On 17 November Nicolson signed a statement confirming that the ‘Chief of the Secret Service’ would have ‘sole control’ of ‘all espionage and counter-espionage agents abroad’. When ‘special information’ was required by the Admiralty or the War Office ‘he alone’ was to be ‘responsible for the manner by which it is to be obtained’. Cumming was also to have exclusive responsibility for his own staff and the funds placed at his disposal. He was to ‘keep in constant touch with the War Office and Admiralty’ who were ‘to inform him of their requirements as occasion demands and furnish him with criticisms of his reports in a manner to help towards their improvement where necessary’. Finally, Cumming was to provide Nicolson (as Permanent Under-Secretary of State for Foreign Affairs) with ‘a monthly statement of all his disbursements’ and was to be subject to Nicolson’s ‘sole control . . . in all matters connected with the expenditure of Secret Service funds’.
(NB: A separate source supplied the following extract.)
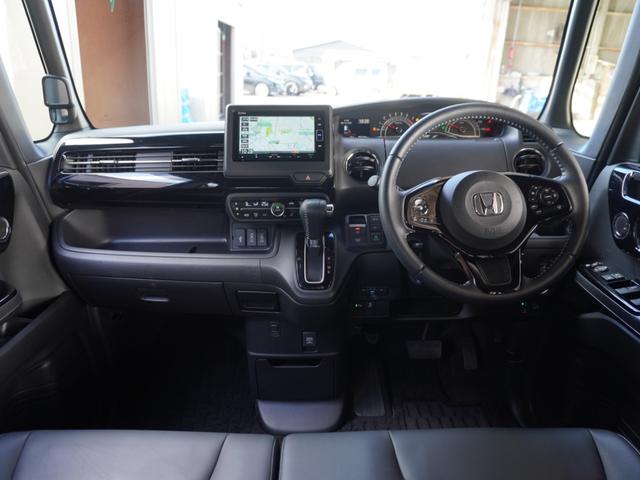 Ｎ－ＢＯＸカスタム Ｌターボ　１オーナー　純正７インチナビ（ＶＸＭ－２２４ＶＦｉ）　フルセグ　リアカメラ　ＥＴＣ　前後ドラレコ（ナビ連動）　障害物センサー　衝突軽減ブレーキ　両側電動ドア　シートヒーター　パドルシフト　ＬＥＤフォグ（9枚目）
Fending off the War Office


Nicolson’s statement was an extremely important document, which Cumming rightly regarded as a ‘charter’ for his Service. Indeed, the exchanges of late 1915 mark a significant moment in confirming the institutional autonomy of the Service and consolidating the interdepartmental role, under Foreign Office supervision, which was to remain a central characteristic of the organisation as it developed during its first forty years. Securing exclusive control of staff and agents, moreover, meant that Cumming was well placed to maintain that deep secrecy of Service activities upon which he put such great store. Although the Director of Military Operations himself approved the charter, in the battle zone itself GHQ in France continued to assert priority for their own intelligence organisation. At a conference on 29 November about arrangements in France, Walter Kirke ‘adopted a very high tone in saying that G.H.Q. was paramount & F.O. had nothing to say in the matter’.

The following month, to cope with the further wartime increase in business, the General Staff in London was again reorganised and a separate Directorate of Military Intelligence established in the War Office. On 23 December Callwell became Director of Military Intelligence (DMI), but he was merely filling in until 3 January 1916 when George Macdonogh, brought back from France, took over the position, which he held until September 1918. In the new structure Colonel French’s MO6 branch was retitled MI1 and became the secretarial section of the Directorate, with responsibility, among other things, for the distribution of military intelligence as well as for secret service. In April 1916 MI1 was divided into four sub-sections, with the Secret Service Bureau going to MI1(c), an arrangement which lasted for the rest of the war.7 Although the title made it look as though Cumming’s Bureau was a sub-section of Military Intelligence, at the time the name was given ‘it was expressly declared that it had no significance of that nature, but was merely a convenient “nom de guerre”’. From this point on, however, MI1(c) was increasingly used as the cover-name for Cumming’s Bureau. At this time, too, Kell’s organisation (which had been part of MO5 since 1910) became MI5.